Egli è l’apparizione della grazia di Dio. In Lui "la grazia di Dio" diviene luminosamente visibile, palpabile, incontrabile. "Grazia di Dio" significa la buona disposizione del cuore di Dio verso l’uomo; che Egli ha cura, si interessa del destino dell’uomo. Ebbene, queste intime disposizioni divine in questa notte ci danno a conoscere in Gesù, il bambino – Dio neonato a Betlemme. La moltitudine dell’esercito celeste che lodava Dio, diceva: "pace in terra agli uomini che Egli [Dio] ama".

In Gesù, Dio fattosi uomo, ciò che Dio "prova" nei confronti dell’uomo diventa chiaro, e diventa un fatto che accade realmente in mezzo a noi. Attraverso la presenza di Gesù, Dio è entrato nella storia umana, anche qui ed ora, come colui che ama l’uomo ed intende fargli vivere una vera vita.
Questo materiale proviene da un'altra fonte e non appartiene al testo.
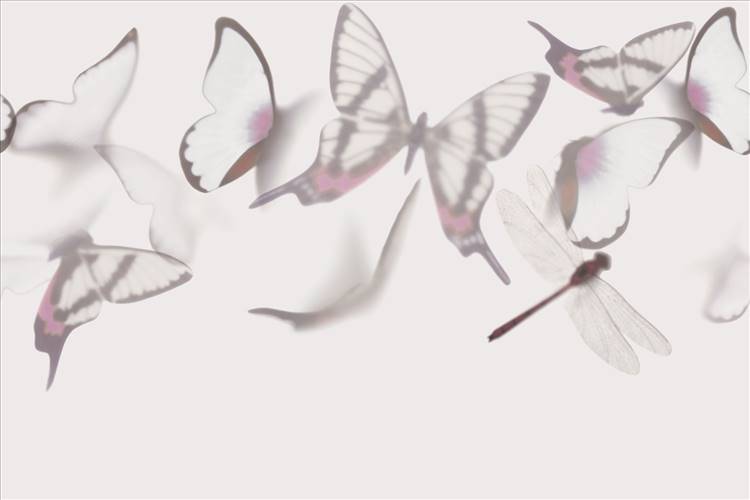 Download 3D Textures Flutterby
La "grazia apparsa apportatrice di salvezza" è Gesù stesso.

3. Che cosa cambia nella nostra vita di ogni giorno in conseguenza di questo evento? Riascoltiamo l’apostolo: "… ci insegna a vivere con sobrietà, giustizia e pietà in questo mondo, nell’attesa della beata speranza". Che cosa cambia? La vita cessa di essere priva di una speranza ultima – le speranze penultime l’uomo è in grado di assicurarsele normalmente da solo – perché diventa attesa non di una inevitabile morte eterna, ma di una vita eterna donata dalla grazia di Dio apparsa questa notte. Ad iniziare da questa notte, l’uomo può cessare di vivere in questo mondo senza speranza, perché se vuole, può vivere in compagnia con Dio stesso [cfr. Ef 2,12]. E vivendola in tale compagnia, la vita può essere vissuta "con sobrietà, giustizia e pietà in questo mondo".
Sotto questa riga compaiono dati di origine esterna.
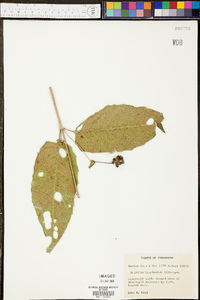 Silphium brachiatum image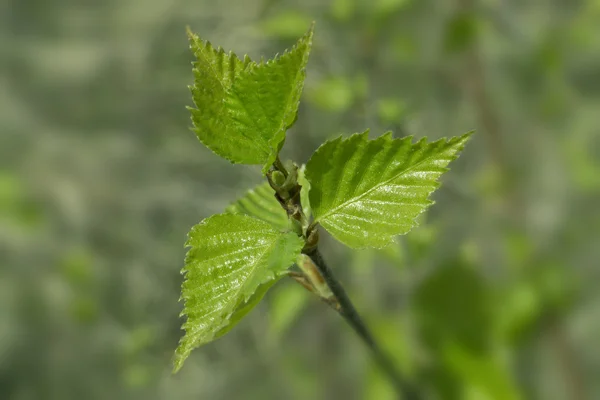 Молоді весняні зелені листя берези — стокове фото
Che il desiderio di una vita piena di senso anche nelle tribolazioni che l’accompagnano, non sia un desiderio vacuo, noi abbiamo il diritto di pensarlo e sperarlo a causa di ciò che è accaduto questa notte: "è apparsa la grazia di Dio". Come è dimostrato dalla vita quotidiana di tanti credenti umili e nascosti, quando ogni giorno si impegnano a vivere "con sobrietà, giustizia e pietà": in famiglia, nel posto di lavoro, a scuola, nei diversi ambiti della società.

Le speranze penultime o comunque tagliate solo sulla misura delle forze umane hanno ricevuto una tragica smentita dal campo di concentramento nazista e dal gulag sovietico: sono state rese mute. Proviamo ad andare a Betlemme coi pastori: anche noi saremmo avvolti dalla certezza che Dio ci ama.